Consequence of Sound recently celebrated it’s third birthday.  For this momentous occasion we decided to have a momentous article - “Consequence of Sound’s Top 100 Albums Ever”.  In order to compile this list, every staffer at CoS had to produce a list of their 30 favorite albums.  After that, the CEO, the President, and myself compiled the rest.  It was definitely difficult.  We considered albums’ influence, lasting relevance, and took into account the lists of the staff. Our goal was to make a list that was interesting and fun, something we could live with, which might be the most difficult part when it comes to these sort of things.   No one will ever agree with someone else’s list - we’ve learned that from our past “Top Albums” articles.  This list is far from perfect or definitive (there’s no such thing) and there’s not a one of us who wouldn’t change something on it, but it’s ours.

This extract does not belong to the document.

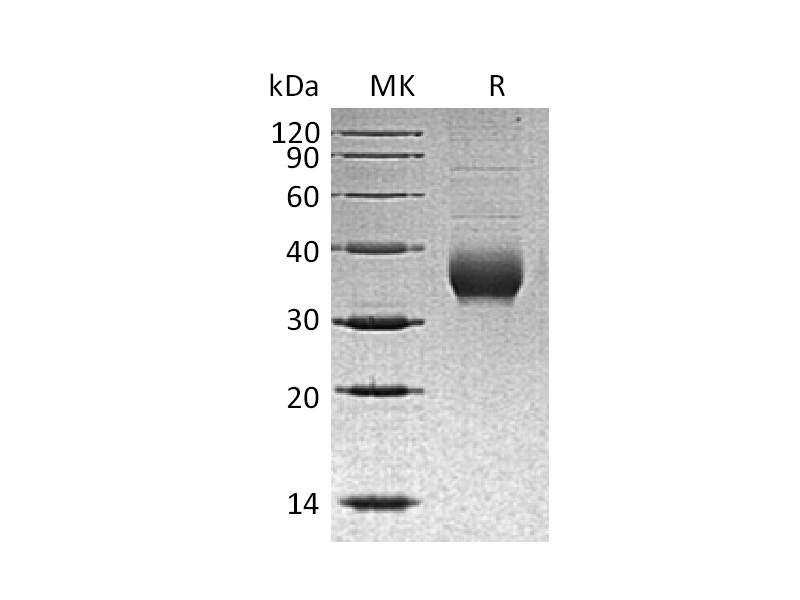 重组人CHRNB3 (C-6His)蛋白 | EnkiLife恩玑生命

When I was making my top 30 list I was moving albums around on the floor, trying to wrap my head around the task and create an order that was, as I said before, something I “could live with”.  In doing this I ended up pushing some of them back past the 30 mark, comparing what came before them, rearranging, etc.  In order to really get a perspective on what I was doing and what I was going to submit to CoS as my top 30, a top 50 just sort of happened. Looking back at my own list there’s an awful lot I’d change, some things I forgot, some placement that I could debate with myself about, but I love these albums and I don’t give a damn what order they’re in.  If you haven’t ever listened to any of them before, well, I can’t recommend them enough.

Included here are write-ups for the albums I had the opportunity to discuss on the final CoS list.  Keeping these concise was a chore, I mean - they’re the best!  It’s easy to overdo it.  As a result some of the final write-ups had some serious trimming.  These are my original write-ups in full.

50) Beck - Midnite Vultures

49) Pink Floyd - The Division Bell

48) George Harrison - All Things Must Pass

47) Power Station - The Power Station

46) Pink Floyd - Wish You Were Here

45) Robert Palmer - Clues

44) Steely Dan - Katy Lied

43) Talk Talk - The Colour of Spring

42) Yes - 90125

41) Mike Oldfield - Tubular Bells

40) Kate Bush - The Dreaming

39) Sigur Ros - ( )

38) Talking Heads - Fear of Music

For their first two albums, Talking Heads met with warm reception towards their quirky post modern songwriting, but it was with Fear of Music that they established themselves as art rock masterminds. By staying true to their punk and avant- garde beginnings, while progressing their sound with alternative rhythms and surreal yet accessible lyrics, Talking Heads crafted a powerful collection of songs ranging dramatically in scope and subject matter - paper to heaven, wartime to electric guitars. With the aid of Brian Eno, the band set out to make dark, dystopian disco music; the end result was a landmark collection of intellectual rock songs as cutting edge as anything hanging on a wall in the most revered modern art galleries. 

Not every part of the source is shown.